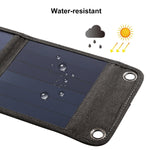 HAWEEL 14W 5V 2.4A Tragbares, faltbares Solarladegerät, aufladbare Outdoor-Reisetasche mit 4 Solarmodulen & USB-Anschluss, Größe: S, 14W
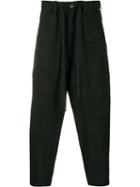 Uma Wang Dotted Drop-crotch Trousers - Black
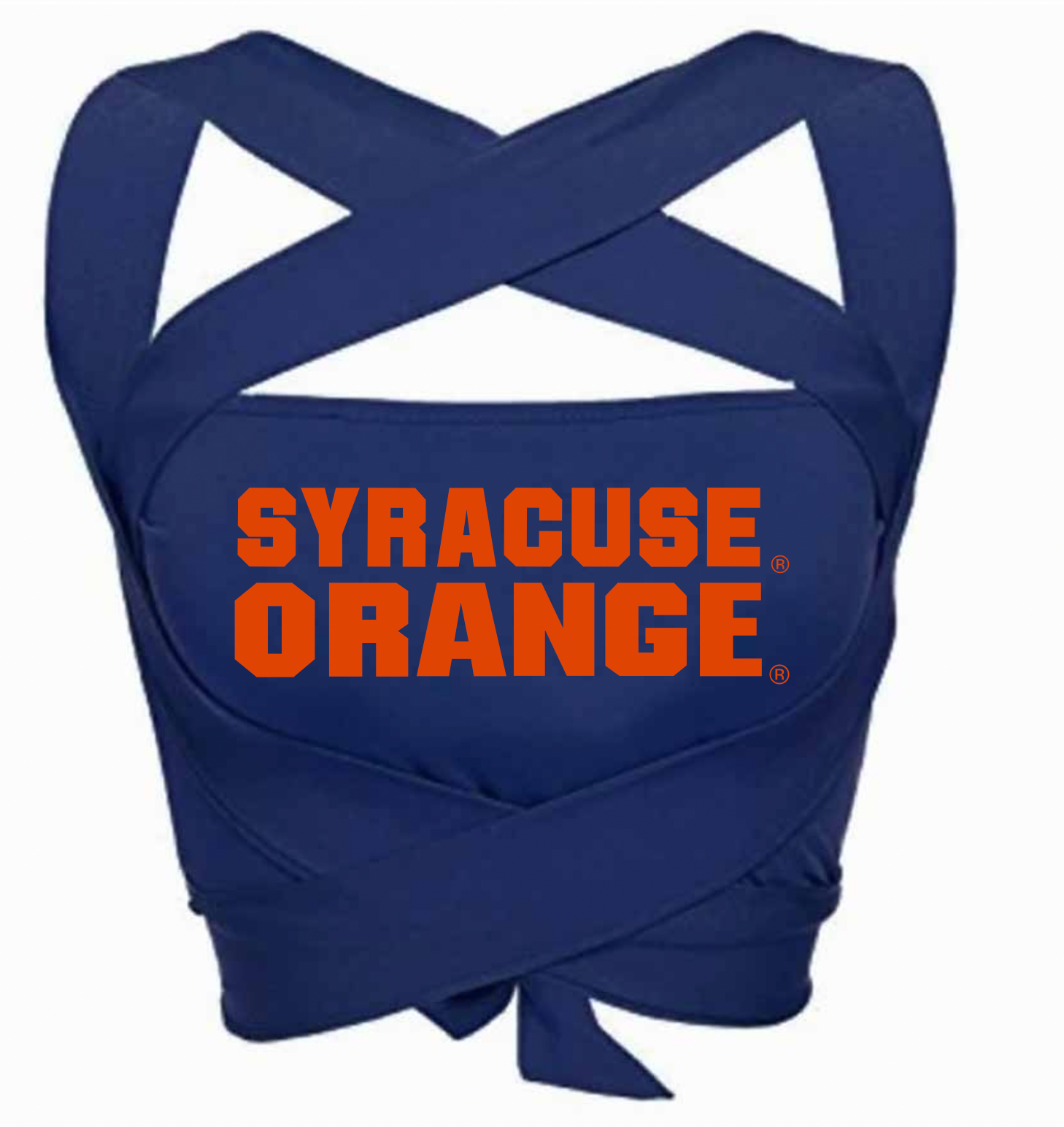 Syracuse Navy Multiway Bandeau Top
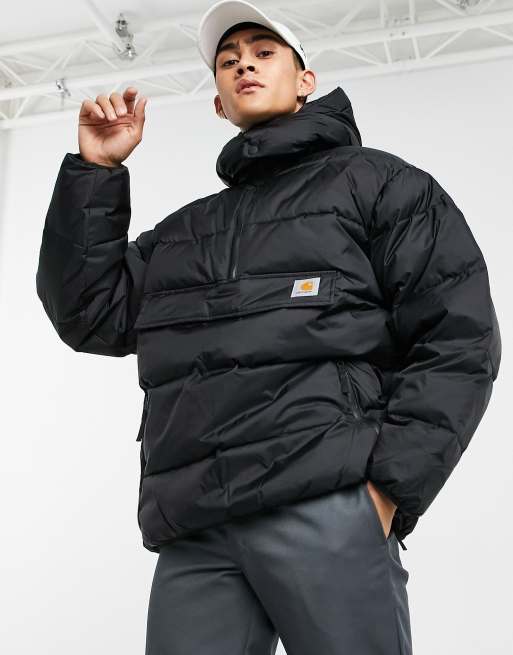 Carhartt WIP jones pullover puffer jacket in black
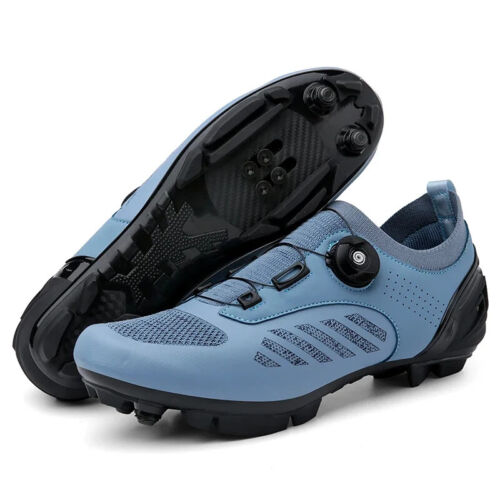 Men's Professional Mountain Flat Cycling Shoes Road Speed Racing Bicycle Sneaker - Picture 25 of 36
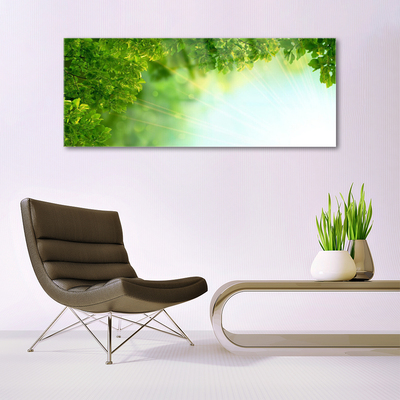 Quadro acrilico Foglie di piante naturali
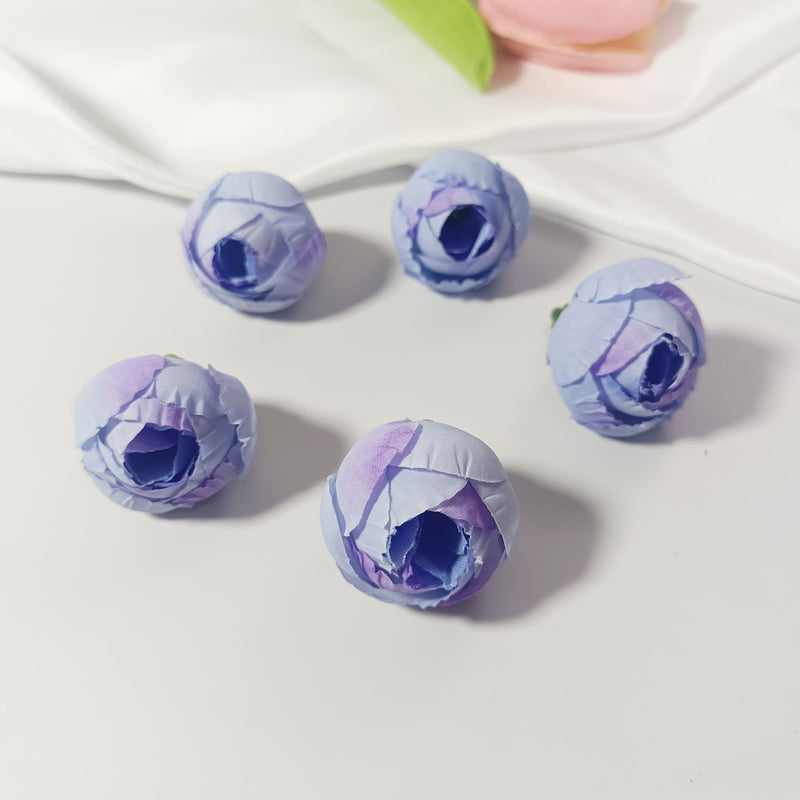 1-Inch Mini Rose Buds, Bulk Small Faux Tea Roses, Lifelike Artificial Flowers for DIY Crafts, Wedding Corsages, Boutonnieres & Home Decor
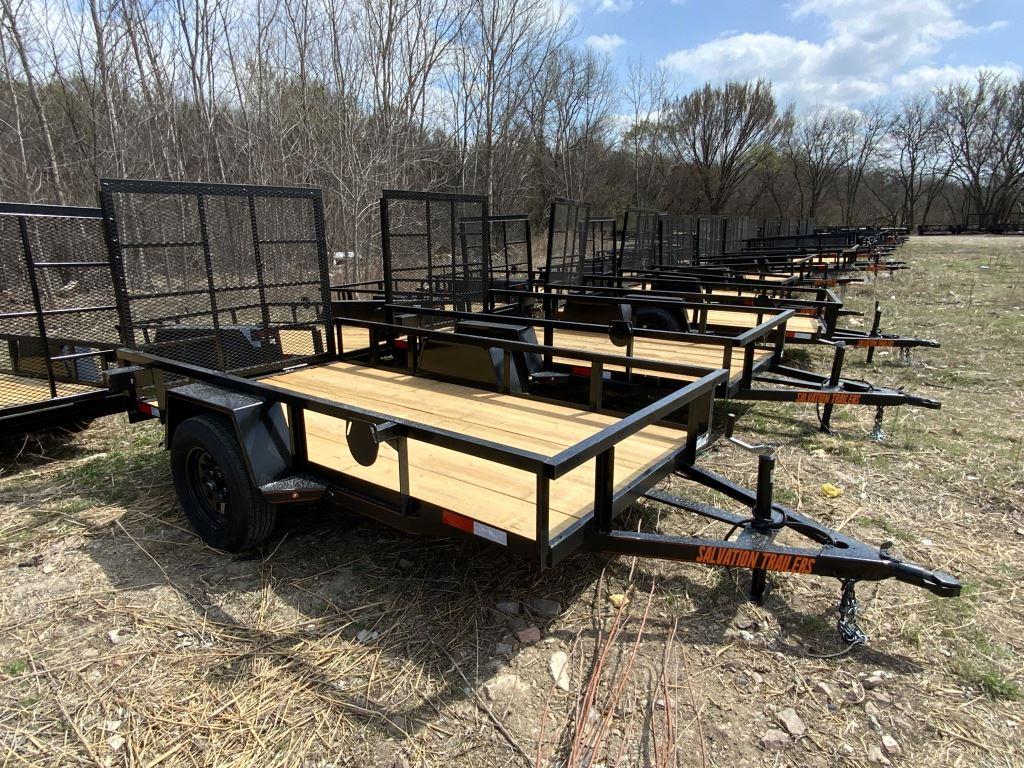 2022 Salvation Trailer 5x10 Utility Trailer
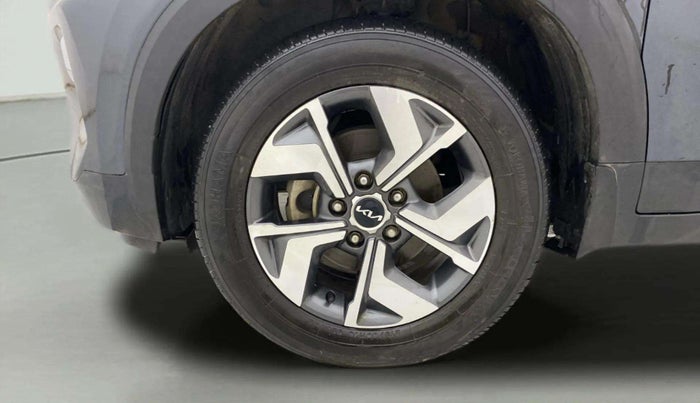2021 KIA SONET HTX 1.0 IMT, Petrol, Manual, 92,612 km, Left Front Wheel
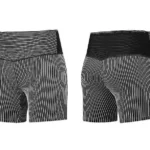 Knit Polyester Stripped Designed Short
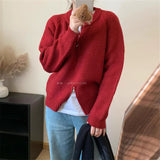 Women Knitted Cardigan Knitted Loose Niche Sweater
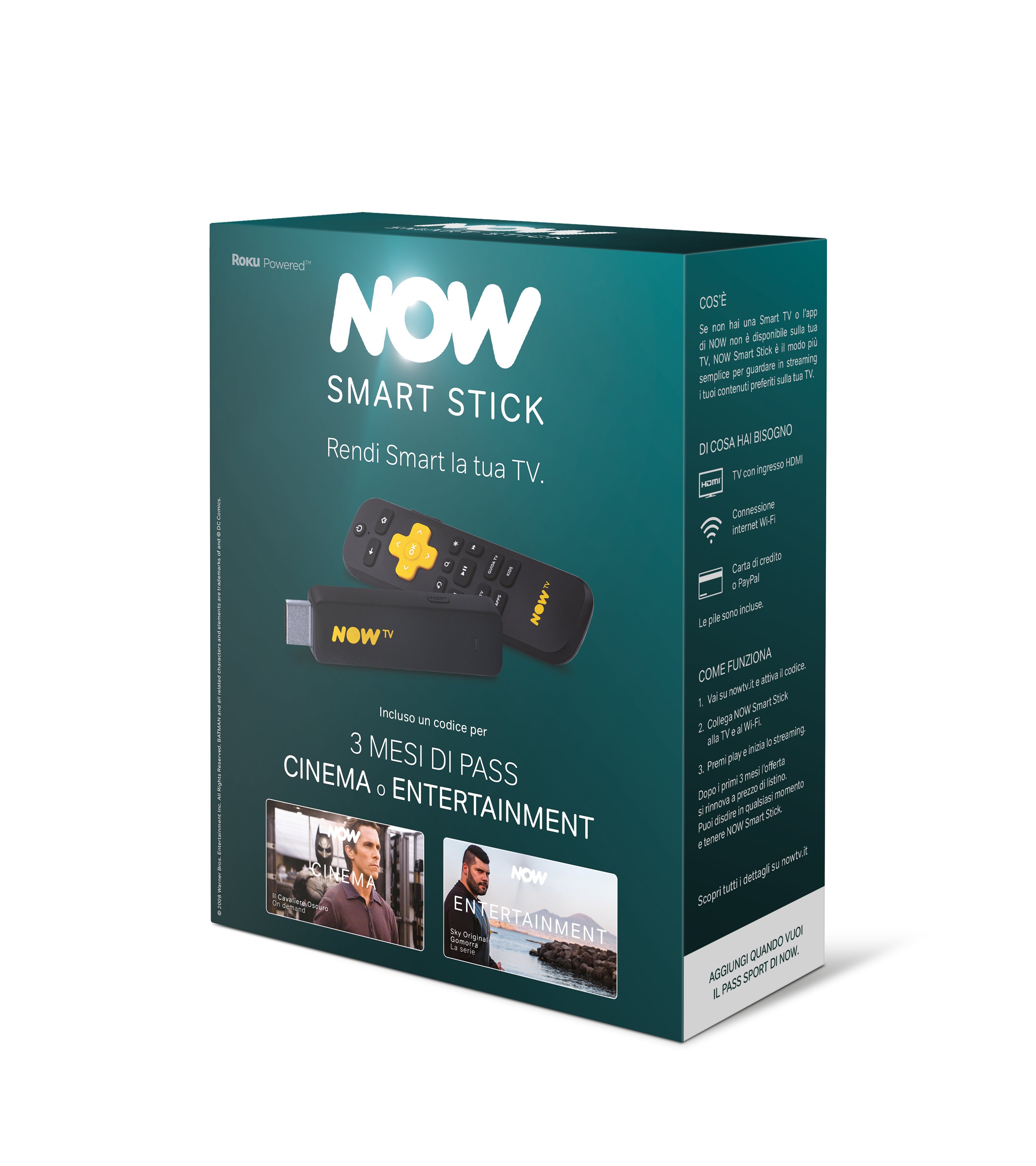 Now TV Smart Stick con inclusi i primi 3 mesi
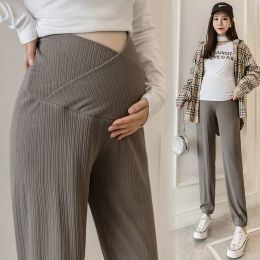 Capris 2021 Sports Casual Cotton Maternity Pants Spring Autumn Thin Belly Pants Clothes for Pregnant Women Preganncy Trousers Clothing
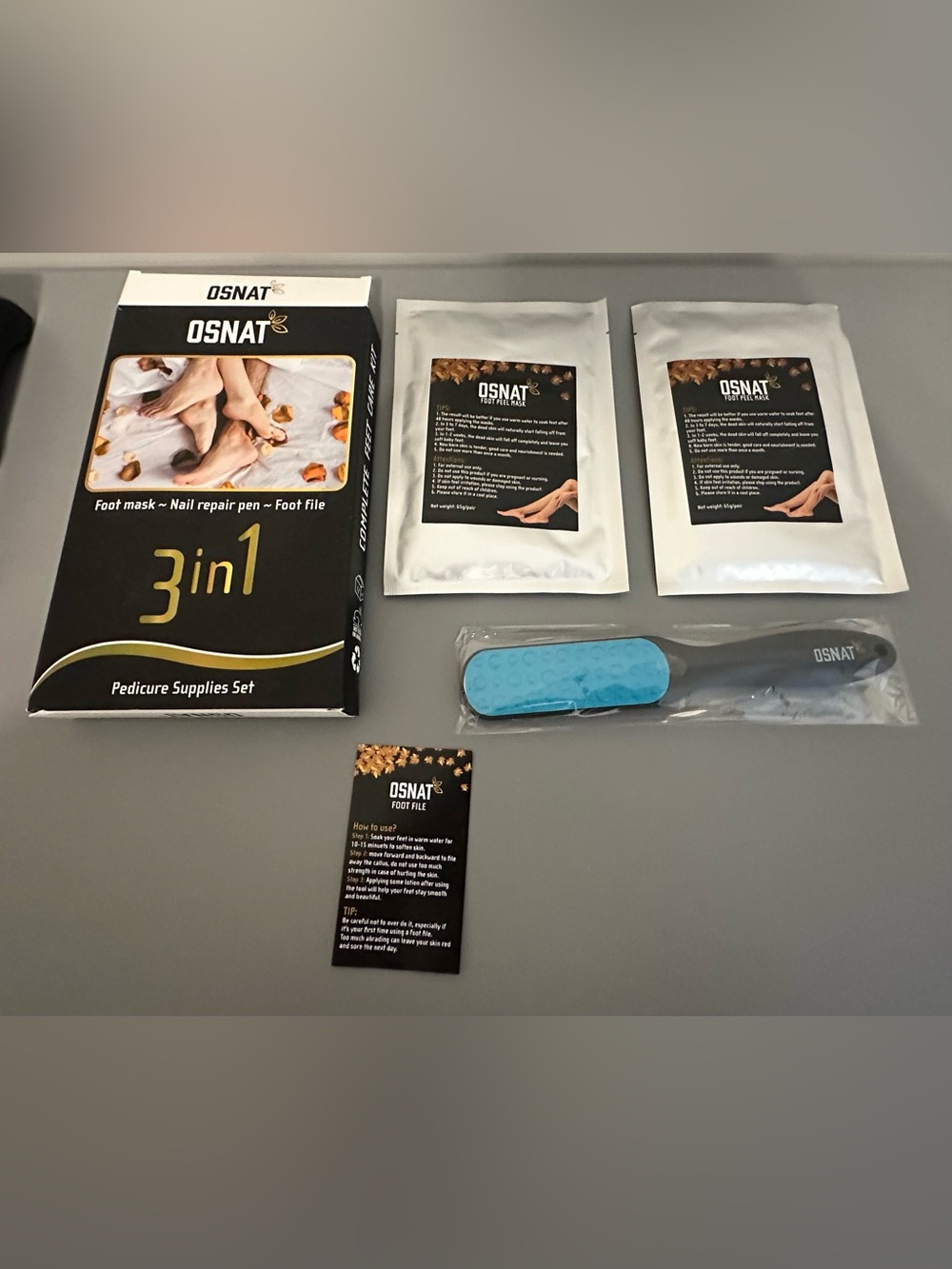 Osnat pedicure callus remover kit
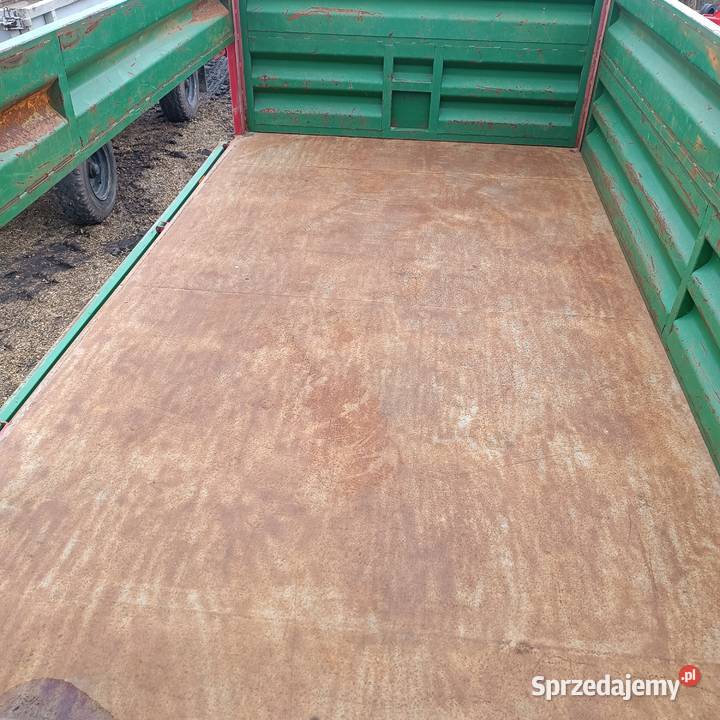 Przyczepa jednoosiowa wywrotka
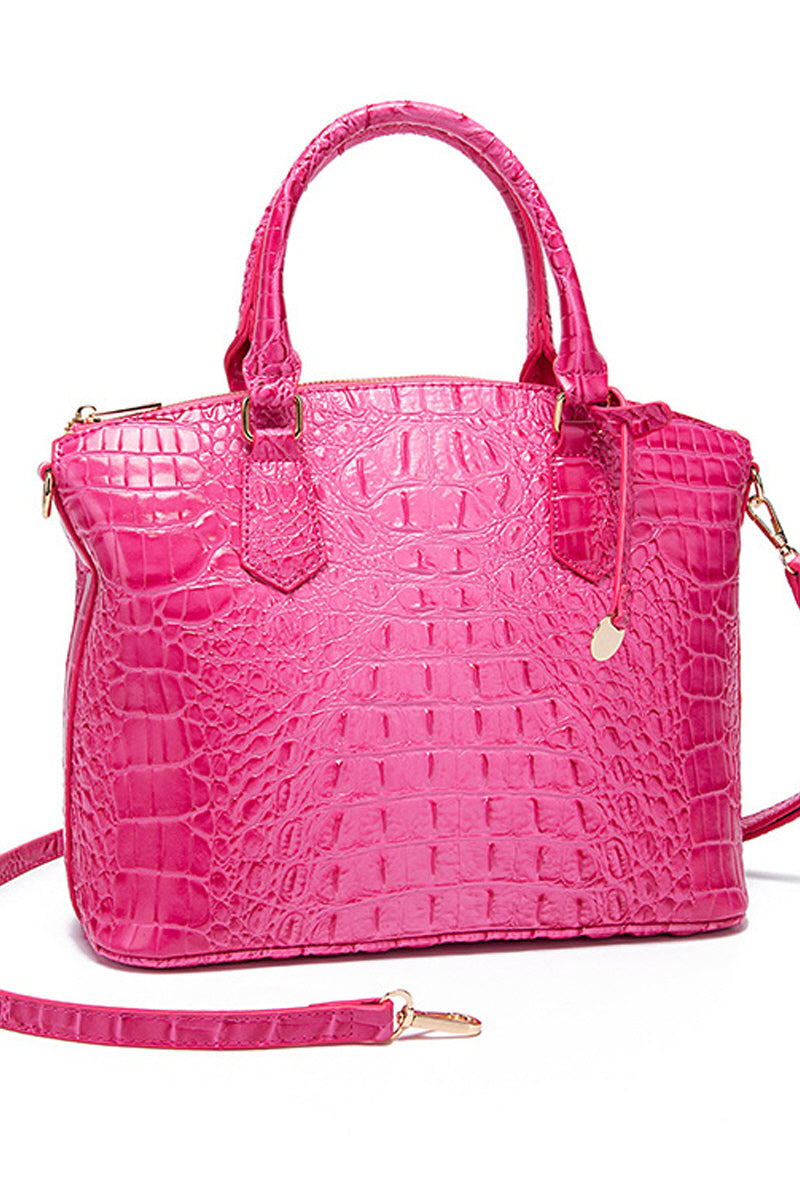 CROCODILE PATTERN HANDBAG SHOULDER BAG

______

• **EXERCISE**:
Copy exactly the lines of the entries above from the one containing "Men's Professional Mountain" through the one containing "Knit Polyester Stripped Designed Short". Both end lines count; pictures do not.

• **EXERCISE RESPONSE**:
 Men's Professional Mountain Flat Cycling Shoes Road Speed Racing Bicycle Sneaker - Picture 25 of 36
 Quadro acrilico Foglie di piante naturali
 1-Inch Mini Rose Buds, Bulk Small Faux Tea Roses, Lifelike Artificial Flowers for DIY Crafts, Wedding Corsages, Boutonnieres & Home Decor
 2022 Salvation Trailer 5x10 Utility Trailer
2021 KIA SONET HTX 1.0 IMT, Petrol, Manual, 92,612 km, Left Front Wheel
 Knit Polyester Stripped Designed Short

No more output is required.